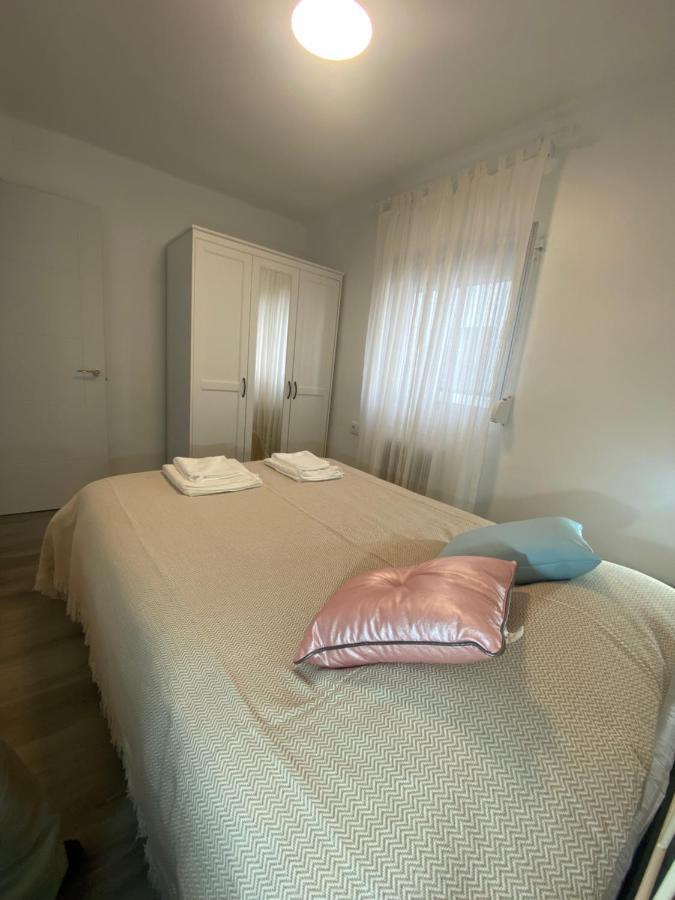 Ferienwohnung Piso Junto Al Hospital Macarena Sevilla Exterior foto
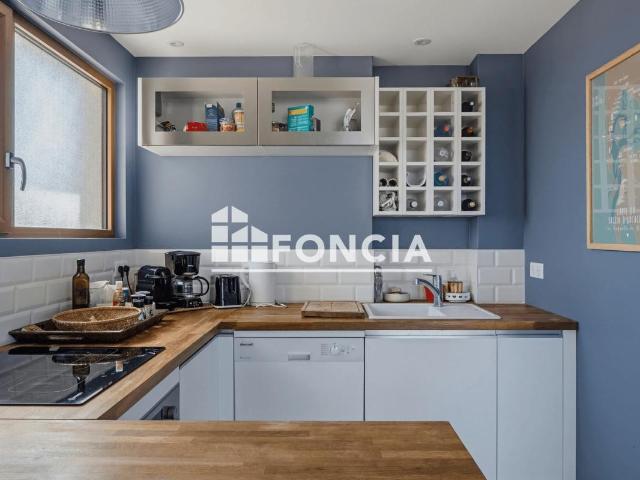 Appartement 13 pièces 60 m²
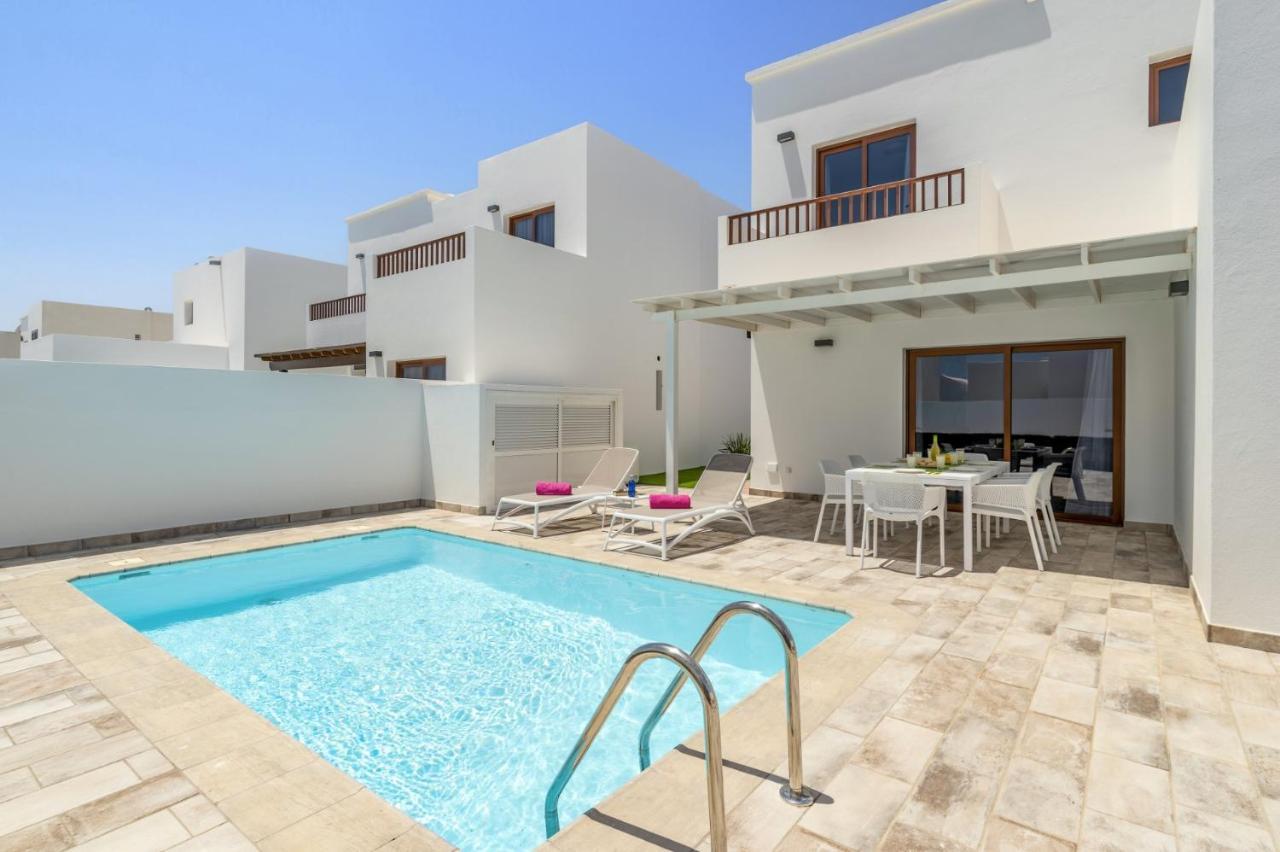Villa Alicia By Villa Plus Playa Blanca  Extérieur photo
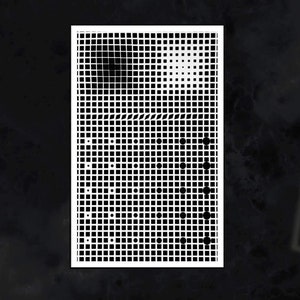 Pode incluir: Uma obra de arte retangular branca com um padrão de grade de quadrados e círculos pretos. O design parece ser uma representação abstrata de um rosto. O fundo é uma superfície escura e texturizada.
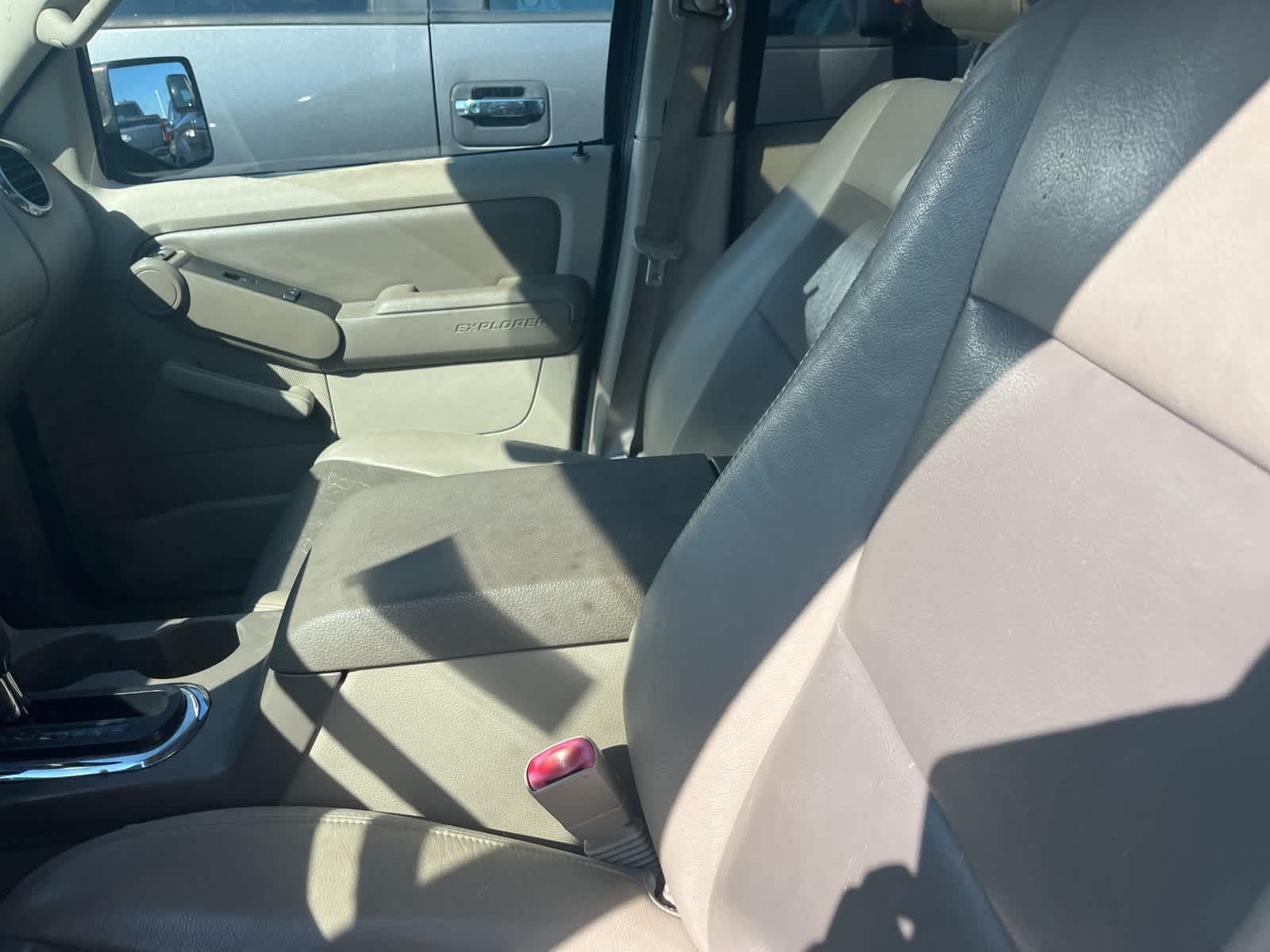 Thumbnail: 2007 Ford Explorer - 25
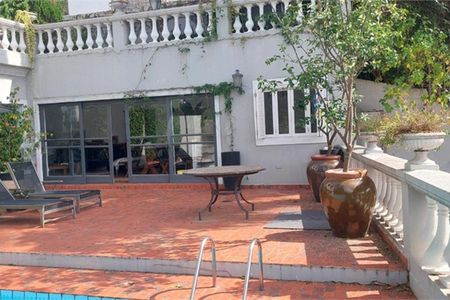 Casa à venda com 406m², 4 quartos e 4 vagas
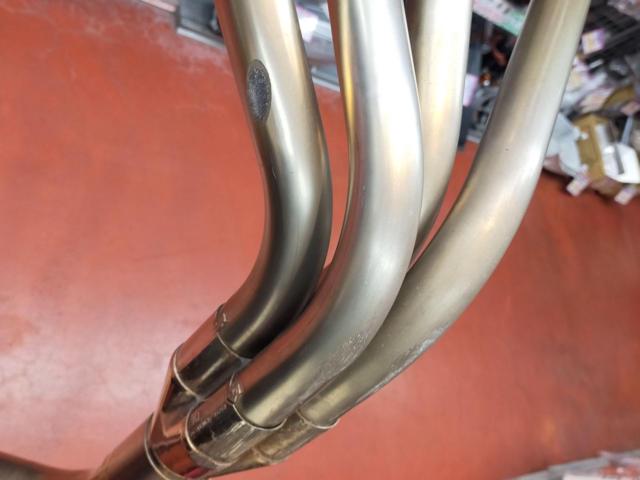 YOSHIMURA (Yoshimura)
Titanium cyclone muffler
ZRX400 (first half/~’97)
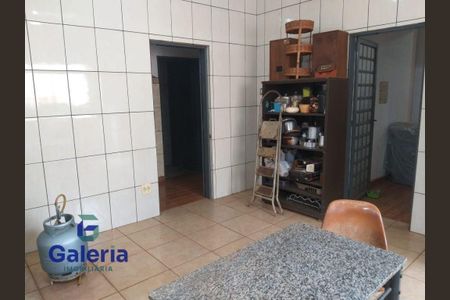 8_photo/94b9bf1d8d.8c2ca795ebaebe51-ATLAS-43051238-82ed-4c28-a3dd-57a5e7849212.jpg de casa para alugar com 4 quartos, 150m² em Centro, Ribeirão Preto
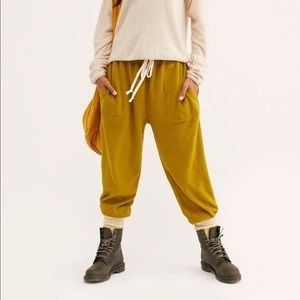 Women's Yellow Slouch Jogger By Intimately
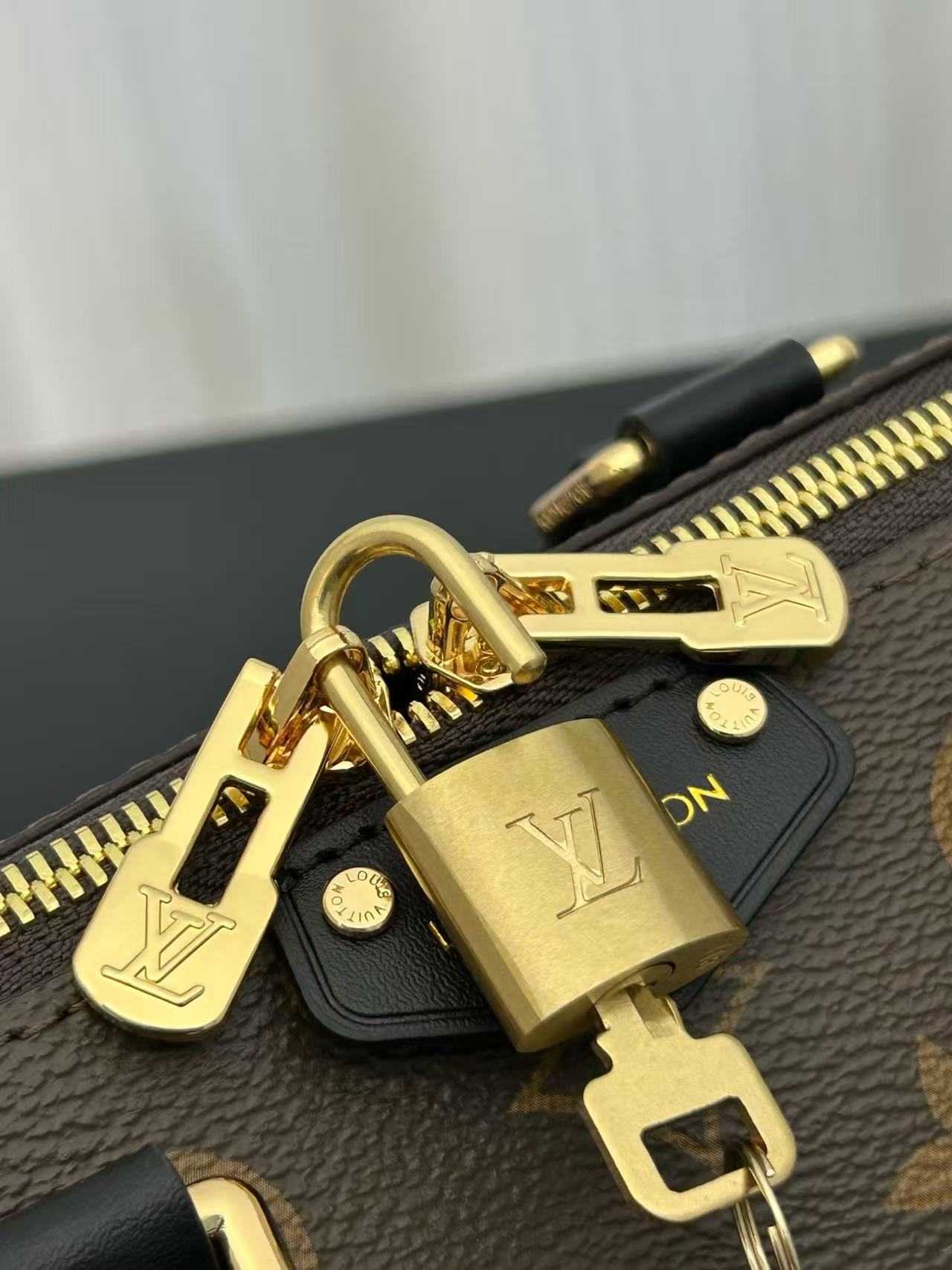 LV チェーン＆スタッズ ハンドバッグ【50％割引+送料無料】
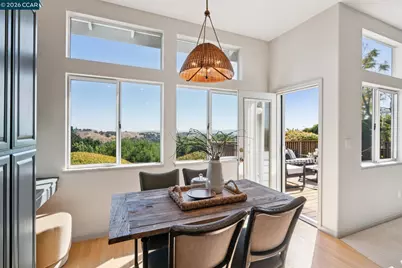 905 Dana Highlands Ct, Lafayette, CA 94549 - Photo 12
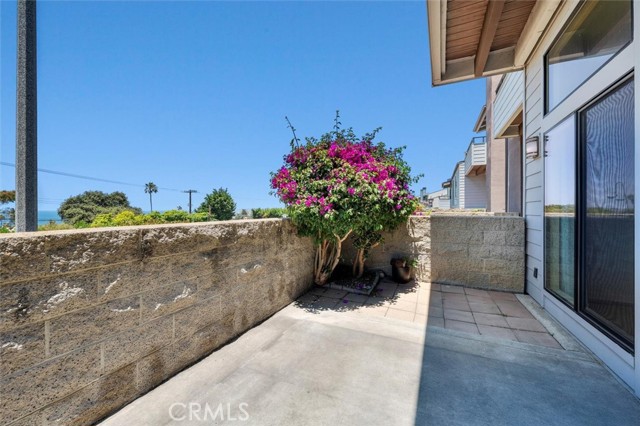 Detail Gallery Image 3 of 36 For 446 Palos Verdes Bld, Redondo Beach,  CA 90277 - 3 Beds | 3 Baths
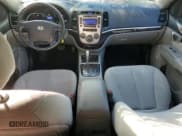 ✅ 2009 Hyundai Santa Fe SE • VIN: 5NMSH13EX9H305047 • Lot: 86798305. Listed on Copart with 115,748 mi. Free auction sales archive from the USA and detailed vehicle history report at DreamBid. Image 8.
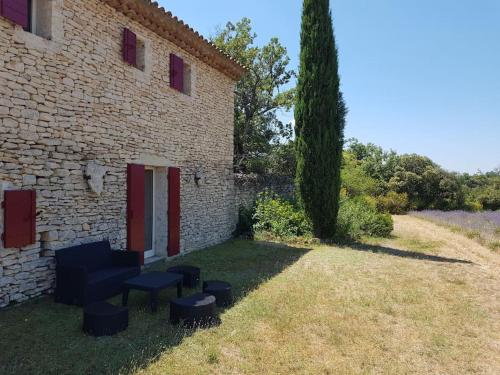 Κήπος έξω από το Maison de caractère dans Luberon avec piscine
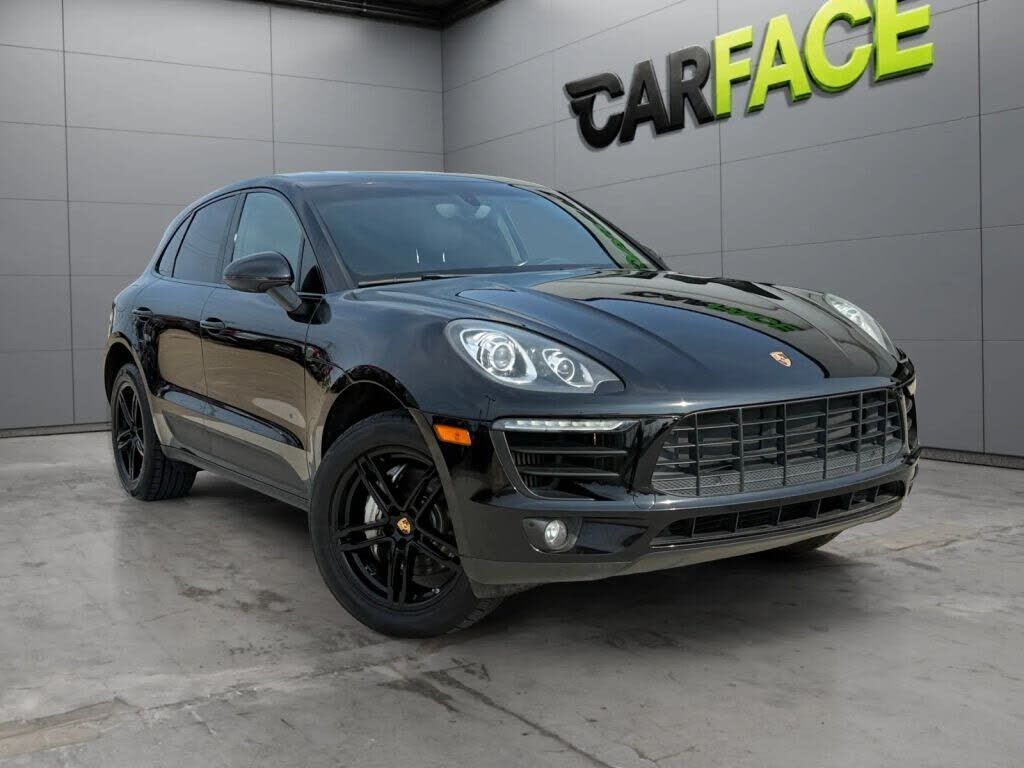 2016 PORSCHE Macan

• **Your assignment**: Pictures are to be left out while the lines from the beginning of the records through the line with "Detail Gallery Image" are copied word for word.

• **Task answer**:
 Ferienwohnung Piso Junto Al Hospital Macarena Sevilla Exterior foto
 Appartement 13 pièces 60 m²
Villa Alicia By Villa Plus Playa Blanca  Extérieur photo
 Pode incluir: Uma obra de arte retangular branca com um padrão de grade de quadrados e círculos pretos. O design parece ser uma representação abstrata de um rosto. O fundo é uma superfície escura e texturizada.
 Thumbnail: 2007 Ford Explorer - 25
 Casa à venda com 406m², 4 quartos e 4 vagas
 YOSHIMURA (Yoshimura)
Titanium cyclone muffler
ZRX400 (first half/~’97)
 8_photo/94b9bf1d8d.8c2ca795ebaebe51-ATLAS-43051238-82ed-4c28-a3dd-57a5e7849212.jpg de casa para alugar com 4 quartos, 150m² em Centro, Ribeirão Preto
 Women's Yellow Slouch Jogger By Intimately
 LV チェーン＆スタッズ ハンドバッグ【50％割引+送料無料】
 905 Dana Highlands Ct, Lafayette, CA 94549 - Photo 12
 Detail Gallery Image 3 of 36 For 446 Palos Verdes Bld, Redondo Beach,  CA 90277 - 3 Beds | 3 Baths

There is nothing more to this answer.